Kraft was charged with two misdemeanors after he was caught on camera allegedly trading cash for sexual favors at the Orchids of Asia Day Spa in Jupiter, Fla., on Jan. 18 and Jan. 22 — shortly before his team won its sixth Super Bowl.
He has pleaded not guilty.
But now the state attorney’s office says it will drop the charges if he admits he would have been found guilty at trial of soliciting a prostitute.
“This is a standard first-time offender plea offer,” said Palm Beach County State Attorney’s Office spokesman Mike Edmondson.
The office extended the offer to 24 other men arrested in the case, but no one has accepted it so far, Edmondson said.
Kraft and the other accused johns would also have to submit to an STD test, take a class on the dangers of prostitution, complete 100 hours of community service and pay $10,000 in court fees.
“One-hundred percent no way he’s taking the deal,” a source told us of Kraft.
“Kraft strongly insists he didn’t do anything wrong, and he isn’t going to take a deal that indicates he did.”
Prosecutors painted Kraft and the other customers as enablers of human trafficking — but investigators have struggled to show the operation at Orchids of Asia relied on trafficking.
No one has been charged with human trafficking, and both women with whom Kraft allegedly engaged — 45-year-old spa manager Lei Wang and 58-year-old spa employee Shen Mingbi — are licensed masseuses and Florida residents.
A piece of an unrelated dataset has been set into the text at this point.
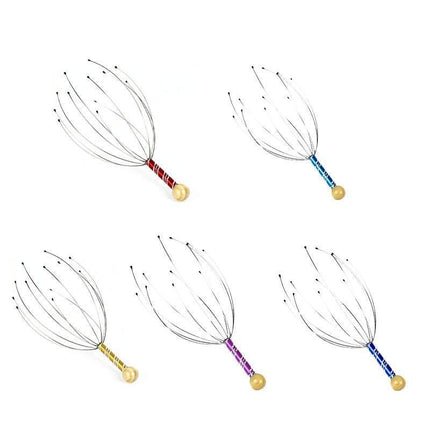 Head Neck Scalp Massager Octopus Design Relaxation Tool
Kraft is one of roughly 300 men charged in a massive massage-parlor crackdown that has also shuttered 10 seedy spas between Palm Beach and Orlando. Authorities observed the houses of ill repute for 10 months and gathered intel by grilling patrons at traffic stops once they left the spas — then obtained warrants to install cameras in rubdown rooms.
But legal observers have raised myriad questions about the investigation.
Sources close to the investigation say Jupiter police incorrectly obtained the spy-cam warrant and should not have had the legal authority to install them.
Plus, the cameras did not capture any audio, so there is no proof Kraft and the alleged prostitutes agreed to trade sex for cash.
“It is possible that this could have been a legal and consensual act between adults, and there does not seem to be evidence to prove otherwise,” according to former federal prosecutor Eric Snyder, who is not involved in the case.
The traffic stops may also have been illegal, observers have noted.
While the deal would let Kraft dodge jail time, it could make his life tougher with the NFL.
“A guilty plea from Kraft would certainly mean he’d also face some kind of discipline from the NFL,” a league source said.
Kraft’s lawyers did not respond to requests for comment Tuesday.